Directions for this task:
Once the line holding "фото Обувница, 500х240х810, Камень/Бетон" is found in the listing below, write it out and each later line exactly, up to and including the one holding "Bespoke utility room".

[Start of Attachment]

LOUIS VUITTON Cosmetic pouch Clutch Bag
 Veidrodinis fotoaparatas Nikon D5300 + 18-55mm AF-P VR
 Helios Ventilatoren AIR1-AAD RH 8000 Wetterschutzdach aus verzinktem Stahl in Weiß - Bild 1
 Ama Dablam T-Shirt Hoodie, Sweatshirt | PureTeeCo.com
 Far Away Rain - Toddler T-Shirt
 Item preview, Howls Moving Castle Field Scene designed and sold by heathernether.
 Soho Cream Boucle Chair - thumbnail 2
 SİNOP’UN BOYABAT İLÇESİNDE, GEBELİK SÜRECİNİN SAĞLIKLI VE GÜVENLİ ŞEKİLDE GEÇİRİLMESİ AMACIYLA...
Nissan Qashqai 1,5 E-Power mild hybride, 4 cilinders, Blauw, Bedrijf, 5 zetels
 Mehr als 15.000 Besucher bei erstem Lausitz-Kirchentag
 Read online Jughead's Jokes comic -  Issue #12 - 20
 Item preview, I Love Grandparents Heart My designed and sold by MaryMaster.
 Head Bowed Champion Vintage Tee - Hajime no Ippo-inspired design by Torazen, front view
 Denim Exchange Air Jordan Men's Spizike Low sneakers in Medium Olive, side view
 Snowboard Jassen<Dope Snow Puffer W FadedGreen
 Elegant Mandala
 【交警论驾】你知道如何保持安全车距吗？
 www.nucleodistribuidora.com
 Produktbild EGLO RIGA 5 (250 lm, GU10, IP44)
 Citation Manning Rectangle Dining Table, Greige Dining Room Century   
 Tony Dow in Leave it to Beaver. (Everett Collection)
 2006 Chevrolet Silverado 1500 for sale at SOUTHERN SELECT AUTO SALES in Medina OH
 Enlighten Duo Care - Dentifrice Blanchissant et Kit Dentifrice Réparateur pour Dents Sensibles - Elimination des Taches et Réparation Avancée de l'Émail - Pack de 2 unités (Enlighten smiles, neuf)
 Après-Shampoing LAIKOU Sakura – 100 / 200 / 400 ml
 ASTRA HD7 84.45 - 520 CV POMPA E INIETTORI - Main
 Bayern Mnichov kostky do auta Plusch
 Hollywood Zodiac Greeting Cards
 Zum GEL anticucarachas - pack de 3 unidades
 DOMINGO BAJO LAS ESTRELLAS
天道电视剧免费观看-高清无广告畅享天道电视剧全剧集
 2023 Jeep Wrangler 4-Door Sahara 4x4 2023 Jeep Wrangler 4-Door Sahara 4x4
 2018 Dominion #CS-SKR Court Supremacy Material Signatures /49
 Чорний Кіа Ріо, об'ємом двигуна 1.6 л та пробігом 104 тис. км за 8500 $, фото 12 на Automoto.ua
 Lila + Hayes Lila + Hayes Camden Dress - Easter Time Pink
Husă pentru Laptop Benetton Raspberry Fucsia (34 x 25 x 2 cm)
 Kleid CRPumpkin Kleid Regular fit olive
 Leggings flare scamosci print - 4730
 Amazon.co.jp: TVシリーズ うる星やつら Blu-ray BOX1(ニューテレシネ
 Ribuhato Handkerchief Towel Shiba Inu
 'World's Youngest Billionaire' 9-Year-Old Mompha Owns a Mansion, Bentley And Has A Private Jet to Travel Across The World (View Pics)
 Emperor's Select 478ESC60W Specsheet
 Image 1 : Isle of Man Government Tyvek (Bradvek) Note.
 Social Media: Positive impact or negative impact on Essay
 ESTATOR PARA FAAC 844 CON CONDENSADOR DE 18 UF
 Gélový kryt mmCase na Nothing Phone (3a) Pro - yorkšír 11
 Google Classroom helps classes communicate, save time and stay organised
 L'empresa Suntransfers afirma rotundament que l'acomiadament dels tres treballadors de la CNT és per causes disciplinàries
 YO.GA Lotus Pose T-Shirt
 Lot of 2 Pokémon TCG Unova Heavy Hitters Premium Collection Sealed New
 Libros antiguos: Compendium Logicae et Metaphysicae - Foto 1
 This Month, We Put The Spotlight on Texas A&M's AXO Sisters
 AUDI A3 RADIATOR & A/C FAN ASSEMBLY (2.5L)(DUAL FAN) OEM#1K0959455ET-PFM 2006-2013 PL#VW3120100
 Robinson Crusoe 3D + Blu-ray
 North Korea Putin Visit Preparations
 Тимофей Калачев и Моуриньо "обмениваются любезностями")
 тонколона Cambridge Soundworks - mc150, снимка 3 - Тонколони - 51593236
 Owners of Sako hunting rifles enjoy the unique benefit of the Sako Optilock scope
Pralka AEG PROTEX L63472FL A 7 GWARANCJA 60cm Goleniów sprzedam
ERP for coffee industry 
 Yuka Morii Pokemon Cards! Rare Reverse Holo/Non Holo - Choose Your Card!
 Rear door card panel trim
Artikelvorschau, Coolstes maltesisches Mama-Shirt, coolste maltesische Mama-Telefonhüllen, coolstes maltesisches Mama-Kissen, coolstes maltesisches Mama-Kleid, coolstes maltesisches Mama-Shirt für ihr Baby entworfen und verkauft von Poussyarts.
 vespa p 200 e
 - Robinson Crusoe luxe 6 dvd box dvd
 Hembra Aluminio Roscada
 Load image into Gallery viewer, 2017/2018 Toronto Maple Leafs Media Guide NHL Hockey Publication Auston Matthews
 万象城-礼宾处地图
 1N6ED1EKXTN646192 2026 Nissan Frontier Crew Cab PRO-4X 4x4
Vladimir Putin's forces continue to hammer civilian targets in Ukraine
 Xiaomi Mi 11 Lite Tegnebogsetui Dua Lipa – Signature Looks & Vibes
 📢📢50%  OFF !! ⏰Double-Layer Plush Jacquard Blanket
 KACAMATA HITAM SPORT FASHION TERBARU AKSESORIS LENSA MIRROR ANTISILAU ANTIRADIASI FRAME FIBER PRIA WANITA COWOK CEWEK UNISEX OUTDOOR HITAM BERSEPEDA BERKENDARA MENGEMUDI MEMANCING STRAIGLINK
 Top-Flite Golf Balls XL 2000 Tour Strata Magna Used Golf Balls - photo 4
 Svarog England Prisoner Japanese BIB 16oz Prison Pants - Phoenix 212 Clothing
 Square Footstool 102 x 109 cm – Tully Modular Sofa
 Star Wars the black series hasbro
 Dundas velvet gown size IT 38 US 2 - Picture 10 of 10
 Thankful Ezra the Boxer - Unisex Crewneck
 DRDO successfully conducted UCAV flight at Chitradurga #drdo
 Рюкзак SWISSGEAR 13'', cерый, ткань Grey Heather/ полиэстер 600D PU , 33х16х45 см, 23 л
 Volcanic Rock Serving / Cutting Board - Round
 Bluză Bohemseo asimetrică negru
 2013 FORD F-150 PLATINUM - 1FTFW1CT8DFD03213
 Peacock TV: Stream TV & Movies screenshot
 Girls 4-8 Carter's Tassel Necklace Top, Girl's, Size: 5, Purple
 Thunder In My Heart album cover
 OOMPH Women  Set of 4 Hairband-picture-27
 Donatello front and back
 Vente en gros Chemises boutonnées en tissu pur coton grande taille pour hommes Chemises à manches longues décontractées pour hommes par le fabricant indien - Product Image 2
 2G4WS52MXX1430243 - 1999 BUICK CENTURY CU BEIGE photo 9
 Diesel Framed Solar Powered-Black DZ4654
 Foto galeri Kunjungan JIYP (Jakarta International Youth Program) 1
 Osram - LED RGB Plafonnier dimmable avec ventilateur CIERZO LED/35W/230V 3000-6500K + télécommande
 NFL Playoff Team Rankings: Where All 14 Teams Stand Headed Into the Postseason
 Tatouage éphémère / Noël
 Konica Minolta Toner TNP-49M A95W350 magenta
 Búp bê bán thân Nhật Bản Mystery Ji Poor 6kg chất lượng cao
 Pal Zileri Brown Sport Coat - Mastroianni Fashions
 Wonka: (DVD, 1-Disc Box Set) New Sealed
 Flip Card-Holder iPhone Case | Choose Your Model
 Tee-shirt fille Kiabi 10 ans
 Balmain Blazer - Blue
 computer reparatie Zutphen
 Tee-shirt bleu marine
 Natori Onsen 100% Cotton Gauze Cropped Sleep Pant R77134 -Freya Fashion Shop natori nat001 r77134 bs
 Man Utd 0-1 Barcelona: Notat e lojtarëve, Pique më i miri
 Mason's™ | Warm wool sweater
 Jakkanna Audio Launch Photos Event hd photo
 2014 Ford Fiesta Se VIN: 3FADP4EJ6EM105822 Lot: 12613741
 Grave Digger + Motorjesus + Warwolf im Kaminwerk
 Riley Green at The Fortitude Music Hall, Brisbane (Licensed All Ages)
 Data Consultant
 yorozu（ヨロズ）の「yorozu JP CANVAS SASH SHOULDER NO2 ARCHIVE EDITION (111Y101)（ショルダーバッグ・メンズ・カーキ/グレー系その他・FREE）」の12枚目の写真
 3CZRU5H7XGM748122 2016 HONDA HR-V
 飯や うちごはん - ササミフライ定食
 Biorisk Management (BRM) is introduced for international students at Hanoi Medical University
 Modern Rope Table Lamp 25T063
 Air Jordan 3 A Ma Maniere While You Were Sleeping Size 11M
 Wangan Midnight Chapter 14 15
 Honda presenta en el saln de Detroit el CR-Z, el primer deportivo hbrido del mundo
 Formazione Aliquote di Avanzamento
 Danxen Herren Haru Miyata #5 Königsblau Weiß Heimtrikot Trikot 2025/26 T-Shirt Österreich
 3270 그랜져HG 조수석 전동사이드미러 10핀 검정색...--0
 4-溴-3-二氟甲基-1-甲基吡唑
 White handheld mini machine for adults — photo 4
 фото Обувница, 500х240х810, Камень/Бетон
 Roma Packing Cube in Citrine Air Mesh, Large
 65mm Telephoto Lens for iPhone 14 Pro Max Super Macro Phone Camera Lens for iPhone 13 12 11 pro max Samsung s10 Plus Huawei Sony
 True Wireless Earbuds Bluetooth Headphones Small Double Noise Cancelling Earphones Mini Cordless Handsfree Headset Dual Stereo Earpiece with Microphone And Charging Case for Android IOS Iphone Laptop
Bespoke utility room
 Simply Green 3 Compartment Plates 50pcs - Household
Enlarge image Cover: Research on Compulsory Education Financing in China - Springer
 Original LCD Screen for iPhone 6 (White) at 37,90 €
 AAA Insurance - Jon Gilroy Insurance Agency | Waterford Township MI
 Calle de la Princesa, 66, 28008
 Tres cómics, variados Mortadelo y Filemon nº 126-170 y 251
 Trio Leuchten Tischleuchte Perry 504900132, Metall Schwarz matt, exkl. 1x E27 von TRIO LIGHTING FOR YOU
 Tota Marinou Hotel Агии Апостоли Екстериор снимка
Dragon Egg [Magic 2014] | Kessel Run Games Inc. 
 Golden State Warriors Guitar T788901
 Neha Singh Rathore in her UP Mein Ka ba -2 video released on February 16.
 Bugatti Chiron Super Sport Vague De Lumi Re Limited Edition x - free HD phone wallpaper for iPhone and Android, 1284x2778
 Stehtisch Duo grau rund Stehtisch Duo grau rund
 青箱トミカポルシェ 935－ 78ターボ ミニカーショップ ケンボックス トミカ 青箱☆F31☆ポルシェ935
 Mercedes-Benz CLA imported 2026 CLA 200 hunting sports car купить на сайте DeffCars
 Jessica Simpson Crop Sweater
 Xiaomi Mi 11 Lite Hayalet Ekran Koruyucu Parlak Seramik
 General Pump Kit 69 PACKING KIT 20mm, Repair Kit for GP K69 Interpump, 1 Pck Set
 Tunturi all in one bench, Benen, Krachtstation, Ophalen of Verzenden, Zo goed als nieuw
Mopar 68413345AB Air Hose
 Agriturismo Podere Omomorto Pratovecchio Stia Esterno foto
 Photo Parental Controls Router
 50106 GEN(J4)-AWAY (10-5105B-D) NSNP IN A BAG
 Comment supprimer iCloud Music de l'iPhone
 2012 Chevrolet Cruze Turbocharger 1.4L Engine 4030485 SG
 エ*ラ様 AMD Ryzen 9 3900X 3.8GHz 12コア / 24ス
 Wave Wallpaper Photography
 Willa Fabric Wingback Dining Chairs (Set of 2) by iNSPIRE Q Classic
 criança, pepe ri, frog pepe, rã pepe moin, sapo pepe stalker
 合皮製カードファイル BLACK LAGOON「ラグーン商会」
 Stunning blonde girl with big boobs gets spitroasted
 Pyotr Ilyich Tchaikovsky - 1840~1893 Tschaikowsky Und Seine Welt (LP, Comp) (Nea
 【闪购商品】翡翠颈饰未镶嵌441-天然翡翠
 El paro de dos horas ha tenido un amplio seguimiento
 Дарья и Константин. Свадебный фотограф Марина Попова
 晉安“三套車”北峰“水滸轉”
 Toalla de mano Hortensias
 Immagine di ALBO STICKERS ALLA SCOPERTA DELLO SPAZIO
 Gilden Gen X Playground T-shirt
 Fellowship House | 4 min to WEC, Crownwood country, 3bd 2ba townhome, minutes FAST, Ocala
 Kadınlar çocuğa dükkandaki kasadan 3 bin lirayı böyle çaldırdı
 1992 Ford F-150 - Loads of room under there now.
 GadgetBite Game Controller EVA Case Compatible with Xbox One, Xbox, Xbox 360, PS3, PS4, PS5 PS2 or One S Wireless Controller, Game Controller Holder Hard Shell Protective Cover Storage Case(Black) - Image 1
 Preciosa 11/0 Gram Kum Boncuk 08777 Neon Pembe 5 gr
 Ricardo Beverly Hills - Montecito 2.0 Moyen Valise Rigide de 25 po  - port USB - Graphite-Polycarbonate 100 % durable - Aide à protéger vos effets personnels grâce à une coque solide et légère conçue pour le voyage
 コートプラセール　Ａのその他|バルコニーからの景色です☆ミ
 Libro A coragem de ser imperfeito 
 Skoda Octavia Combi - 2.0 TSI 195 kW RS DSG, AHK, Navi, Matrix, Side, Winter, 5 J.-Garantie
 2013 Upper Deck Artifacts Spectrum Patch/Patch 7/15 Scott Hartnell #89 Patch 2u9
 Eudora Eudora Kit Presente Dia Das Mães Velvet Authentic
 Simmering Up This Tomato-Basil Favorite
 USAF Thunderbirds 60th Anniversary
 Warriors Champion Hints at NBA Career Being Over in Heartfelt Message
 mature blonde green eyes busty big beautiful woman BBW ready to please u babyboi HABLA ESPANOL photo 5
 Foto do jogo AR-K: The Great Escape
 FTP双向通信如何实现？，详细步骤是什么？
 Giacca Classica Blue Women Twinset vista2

[End of Attachment]

Reply to the exercise:
 фото Обувница, 500х240х810, Камень/Бетон
 Roma Packing Cube in Citrine Air Mesh, Large
 65mm Telephoto Lens for iPhone 14 Pro Max Super Macro Phone Camera Lens for iPhone 13 12 11 pro max Samsung s10 Plus Huawei Sony
 True Wireless Earbuds Bluetooth Headphones Small Double Noise Cancelling Earphones Mini Cordless Handsfree Headset Dual Stereo Earpiece with Microphone And Charging Case for Android IOS Iphone Laptop
Bespoke utility room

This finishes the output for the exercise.